Reproduce the entries below exactly, but leave the pictures out.

****

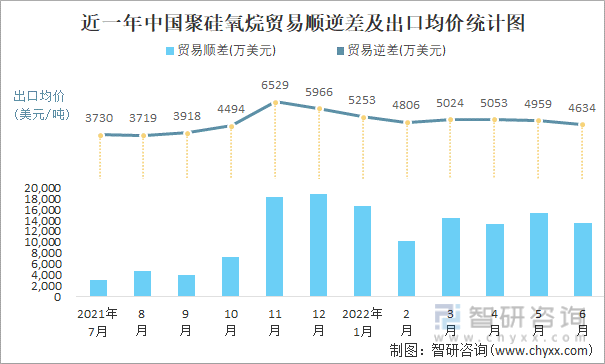 近一年中国聚硅氧烷贸易顺逆差及出口均价统计图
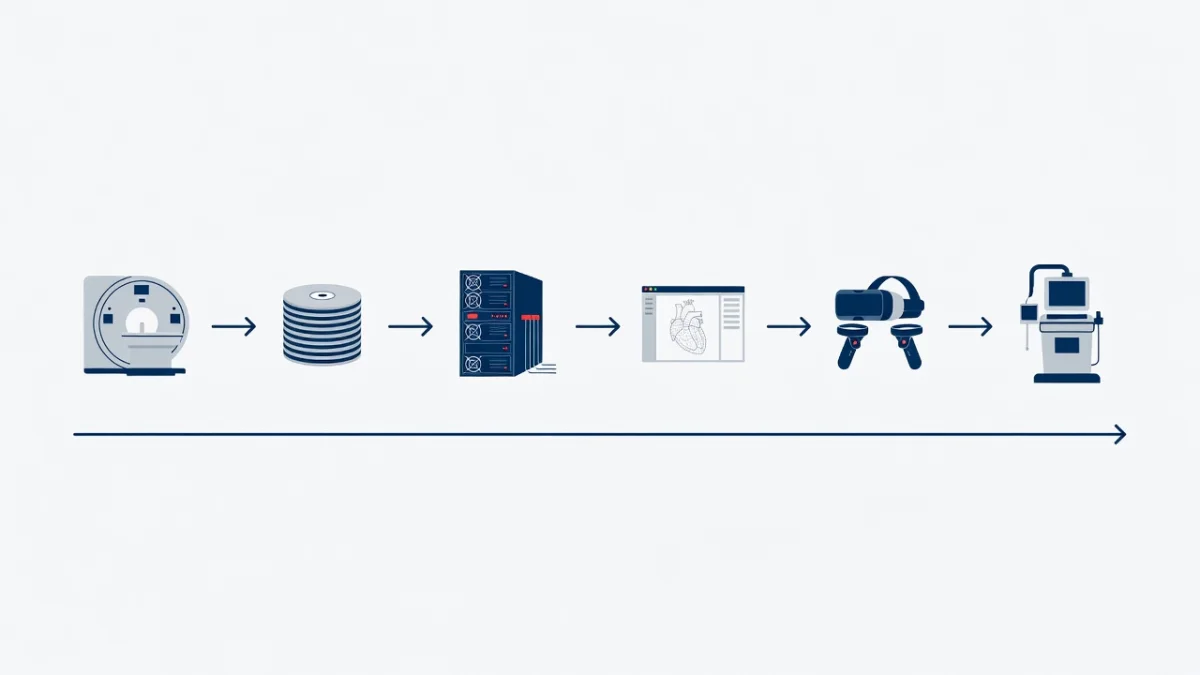 Yerli teknoloji doktorlara ameliyat öncesi sanal prova olanağı sağlıyor — infografik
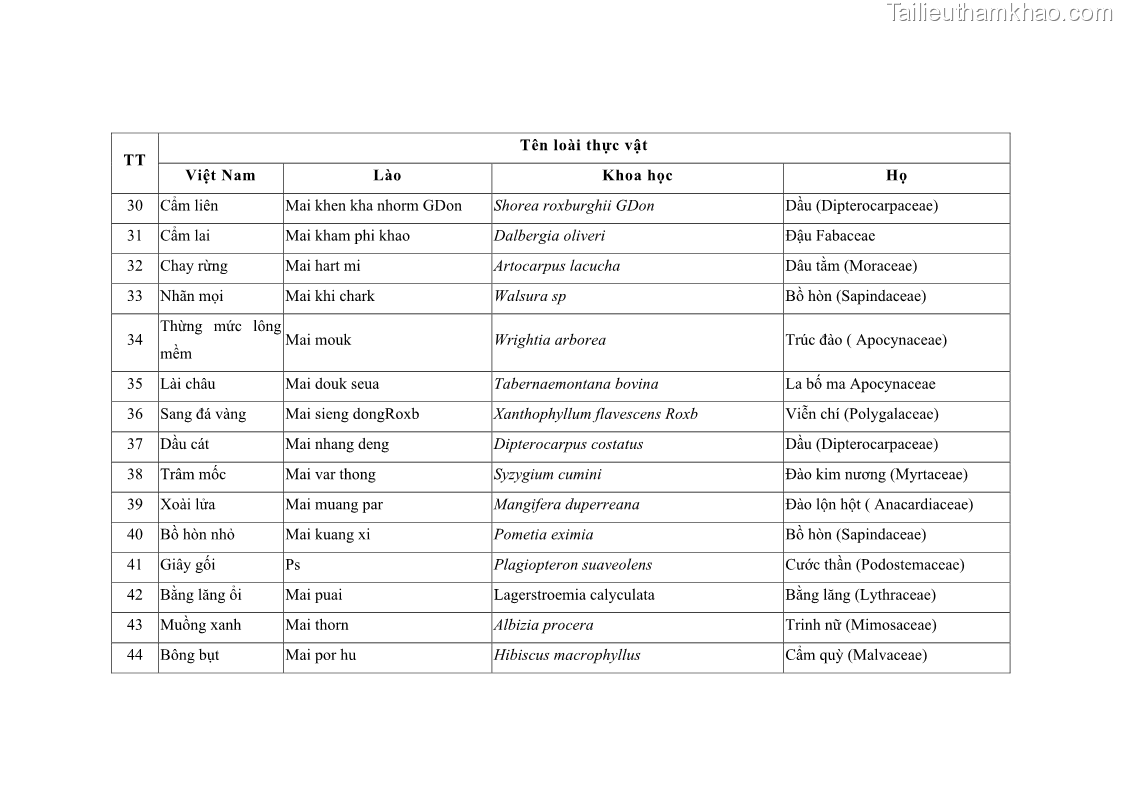 Luận án tiến sĩ lâm nghiệp Nghiên cứu ứng dụng công nghệ địa không gian trong quản lý tài nguyên rừng tại khu vực Vườn Quốc gia Nam Ka Đinh, nước Cộng hòa Dân chủ Nhân dân Lào - 12 Trang 140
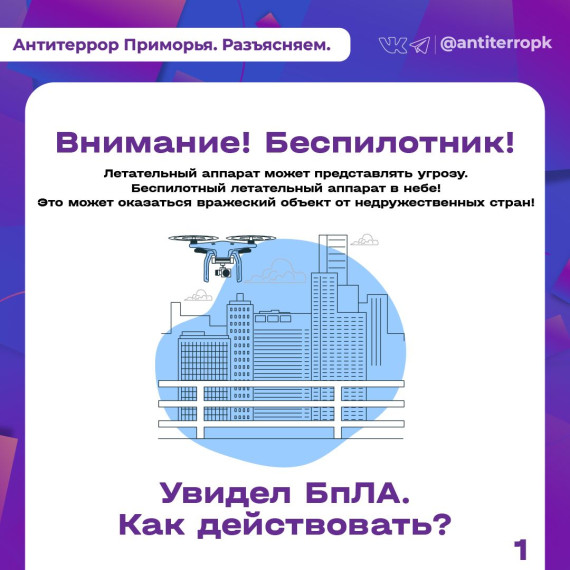 ДРОН - потенциальная УГРОЗА БЕЗОПАСНОСТИ!. ДРОН - потенциальная УГРОЗА БЕЗОПАСНОСТИ!.
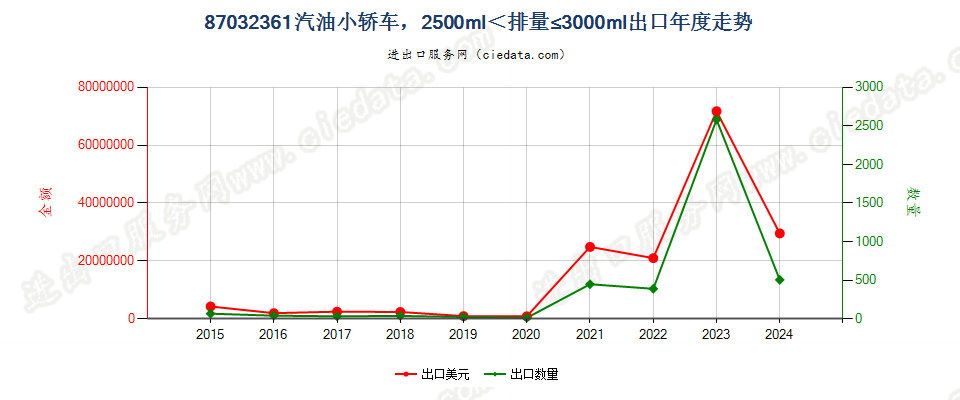 87032361仅装有点燃式活塞内燃发动机的小轿车，2500cc＜排量≤3000cc出口年度走势图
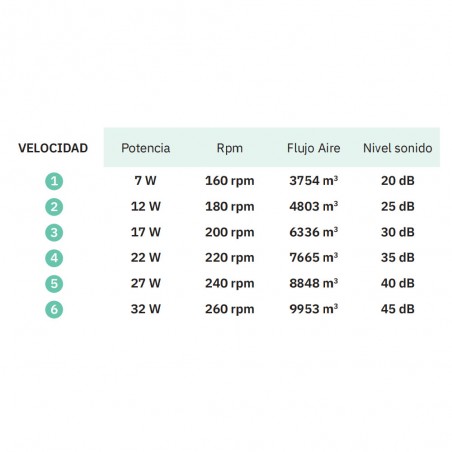 Ventilador LED con aspas plegables Kai CCT (72W)
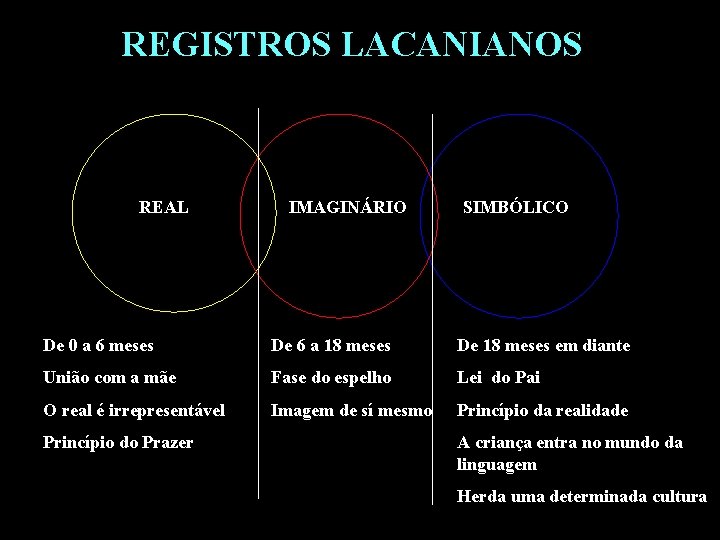 REGISTROS LACANIANOS REAL IMAGINÁRIO SIMBÓLICO De 0 a 6 meses De 6 a 18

****

- [OUTPUT FOR THIS EXERCISE]:
 近一年中国聚硅氧烷贸易顺逆差及出口均价统计图
 Yerli teknoloji doktorlara ameliyat öncesi sanal prova olanağı sağlıyor — infografik
 Luận án tiến sĩ lâm nghiệp Nghiên cứu ứng dụng công nghệ địa không gian trong quản lý tài nguyên rừng tại khu vực Vườn Quốc gia Nam Ka Đinh, nước Cộng hòa Dân chủ Nhân dân Lào - 12 Trang 140
 ДРОН - потенциальная УГРОЗА БЕЗОПАСНОСТИ!. ДРОН - потенциальная УГРОЗА БЕЗОПАСНОСТИ!.
 87032361仅装有点燃式活塞内燃发动机的小轿车，2500cc＜排量≤3000cc出口年度走势图
 Ventilador LED con aspas plegables Kai CCT (72W)
 REGISTROS LACANIANOS REAL IMAGINÁRIO SIMBÓLICO De 0 a 6 meses De 6 a 18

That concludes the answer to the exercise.